I would like the lines below, from the one with "Lowenbrau Horse &" through the one with "view of front", copied exactly and without any pictures.

START Extracted records

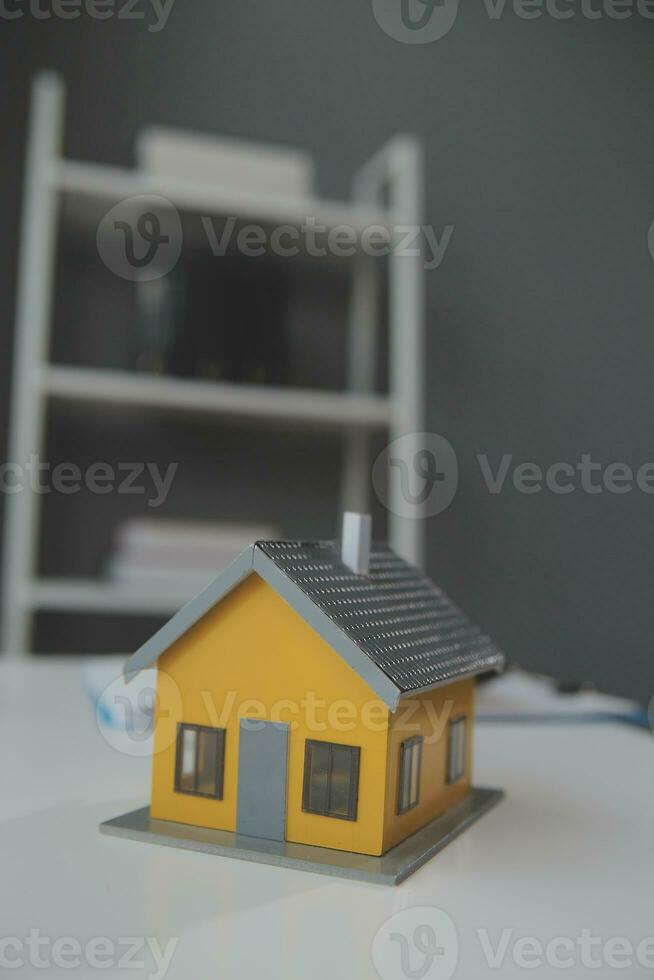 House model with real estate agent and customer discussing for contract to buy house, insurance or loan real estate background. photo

END Extracted records
START Extracted records

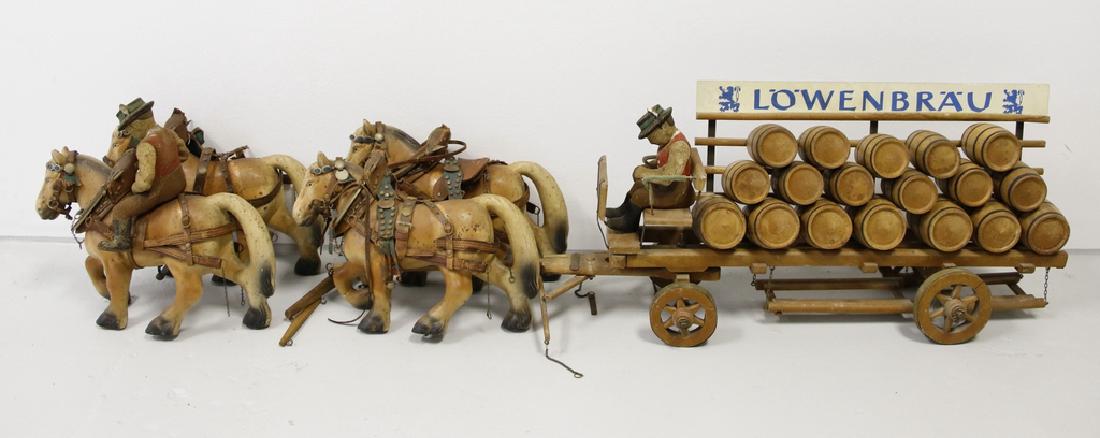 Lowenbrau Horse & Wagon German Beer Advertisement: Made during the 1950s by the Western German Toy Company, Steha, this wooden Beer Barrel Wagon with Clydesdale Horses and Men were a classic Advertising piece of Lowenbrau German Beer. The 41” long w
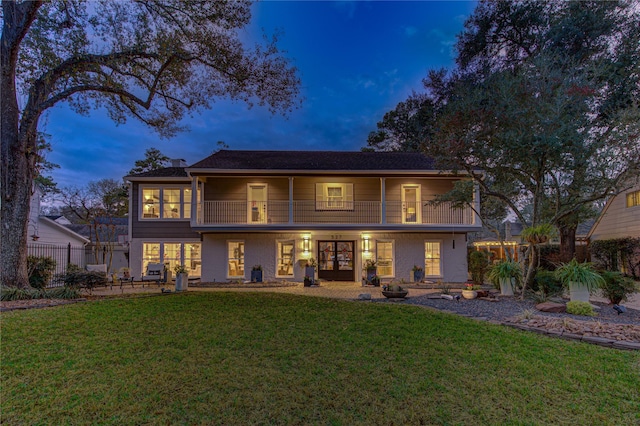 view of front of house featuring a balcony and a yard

END Extracted records
START Extracted records

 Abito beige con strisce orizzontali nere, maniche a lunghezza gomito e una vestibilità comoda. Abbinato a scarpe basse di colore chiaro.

END Extracted records

Expected output:
 Lowenbrau Horse & Wagon German Beer Advertisement: Made during the 1950s by the Western German Toy Company, Steha, this wooden Beer Barrel Wagon with Clydesdale Horses and Men were a classic Advertising piece of Lowenbrau German Beer. The 41” long w
 view of front of house featuring a balcony and a yard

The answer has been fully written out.